Problem details:
Begin at the line containing "Y9cv1NarhoXtO5UbQAz7.jpg?w=940&h=940" in the records below, end at the line containing "Bosch Zentralausrücker, Kupplung", and retype each line in that span exactly. No other line and no image should appear.

Provided information:

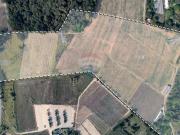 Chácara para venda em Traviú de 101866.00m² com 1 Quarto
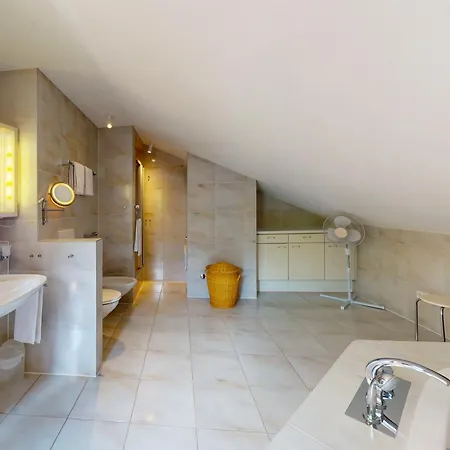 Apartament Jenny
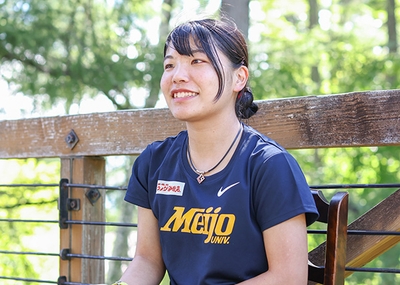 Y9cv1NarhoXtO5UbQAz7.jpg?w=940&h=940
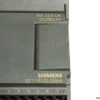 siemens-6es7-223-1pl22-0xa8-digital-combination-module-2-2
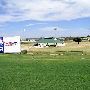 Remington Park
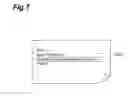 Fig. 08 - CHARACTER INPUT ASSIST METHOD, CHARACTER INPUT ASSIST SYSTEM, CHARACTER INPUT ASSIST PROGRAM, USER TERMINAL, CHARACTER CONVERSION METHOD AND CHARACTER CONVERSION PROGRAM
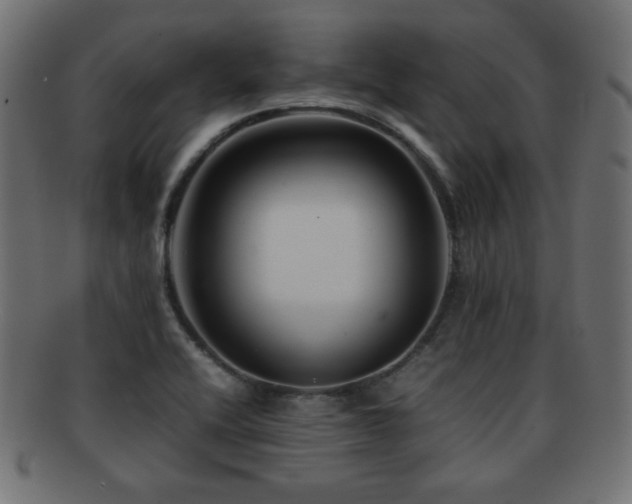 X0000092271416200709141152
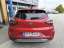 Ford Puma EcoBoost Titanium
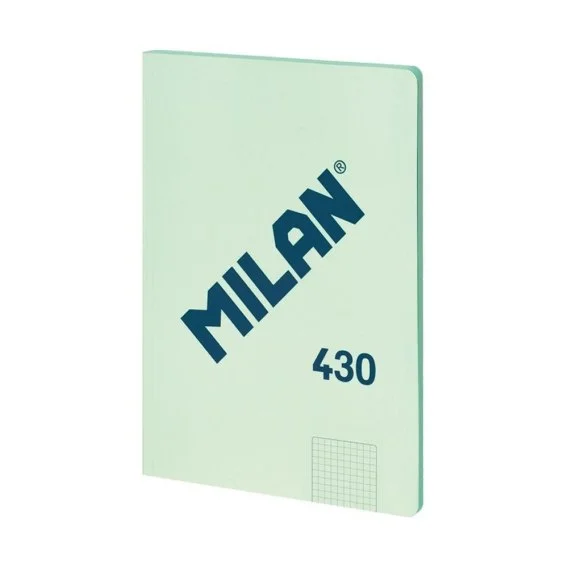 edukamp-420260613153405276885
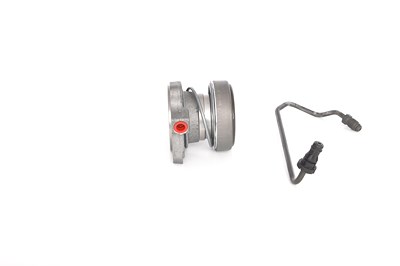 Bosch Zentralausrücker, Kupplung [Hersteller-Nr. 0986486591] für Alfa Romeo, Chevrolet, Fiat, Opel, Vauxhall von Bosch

---

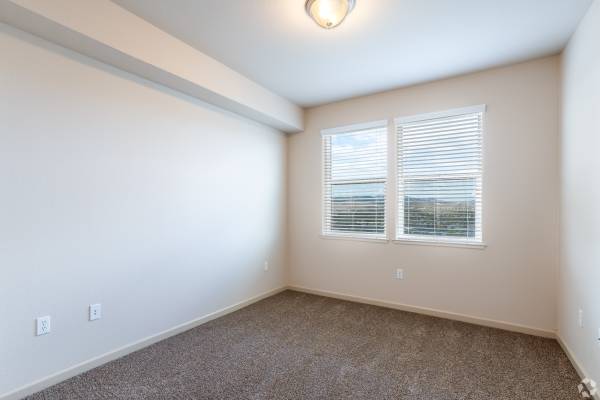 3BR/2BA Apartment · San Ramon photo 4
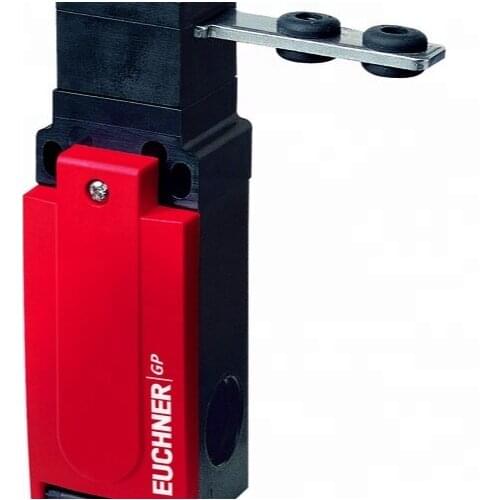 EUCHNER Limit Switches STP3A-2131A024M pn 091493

...

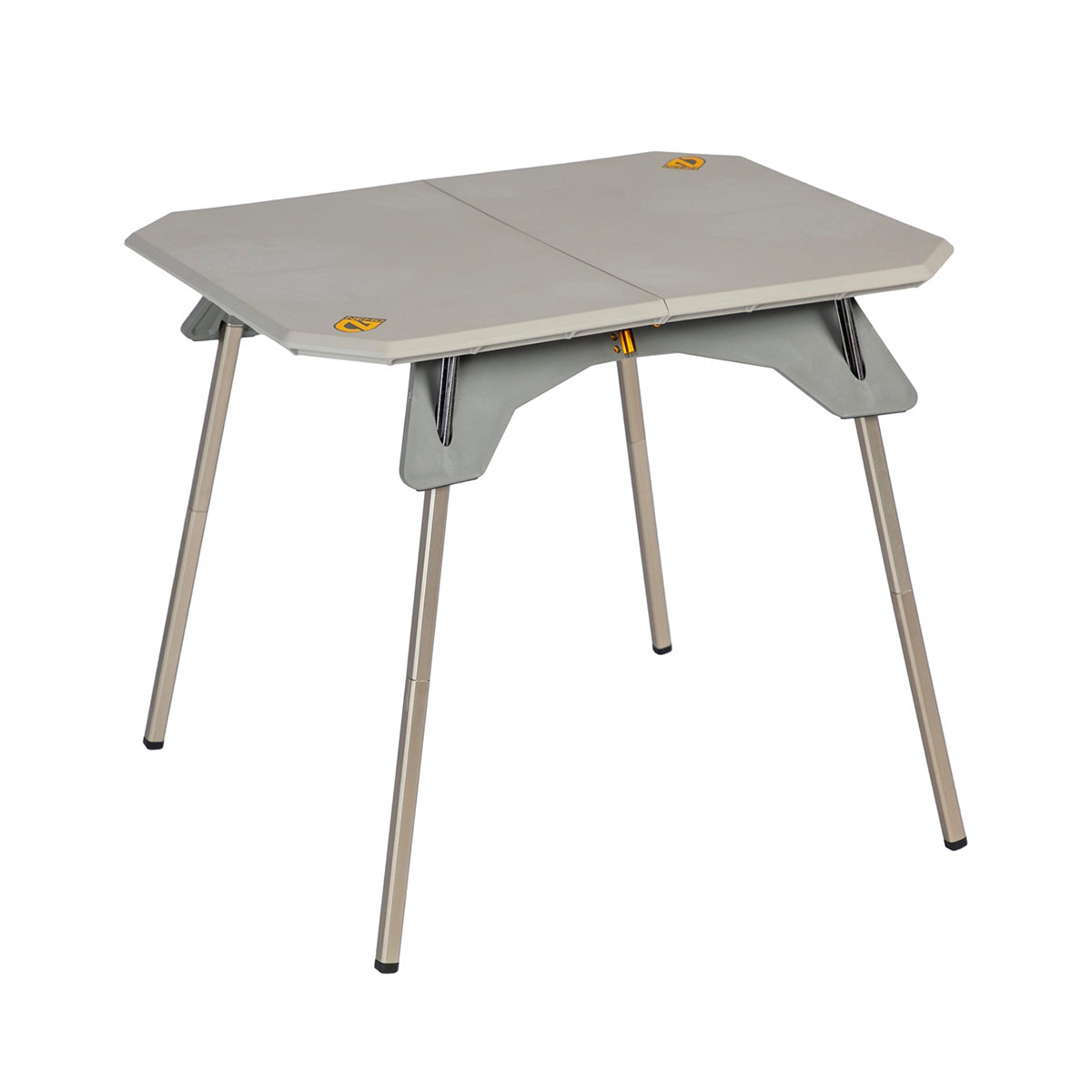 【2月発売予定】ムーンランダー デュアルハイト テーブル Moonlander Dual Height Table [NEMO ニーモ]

Exercise solution:
 Y9cv1NarhoXtO5UbQAz7.jpg?w=940&h=940
 siemens-6es7-223-1pl22-0xa8-digital-combination-module-2-2
 Remington Park
 Fig. 08 - CHARACTER INPUT ASSIST METHOD, CHARACTER INPUT ASSIST SYSTEM, CHARACTER INPUT ASSIST PROGRAM, USER TERMINAL, CHARACTER CONVERSION METHOD AND CHARACTER CONVERSION PROGRAM
 X0000092271416200709141152
 Ford Puma EcoBoost Titanium
 edukamp-420260613153405276885
 Bosch Zentralausrücker, Kupplung [Hersteller-Nr. 0986486591] für Alfa Romeo, Chevrolet, Fiat, Opel, Vauxhall von Bosch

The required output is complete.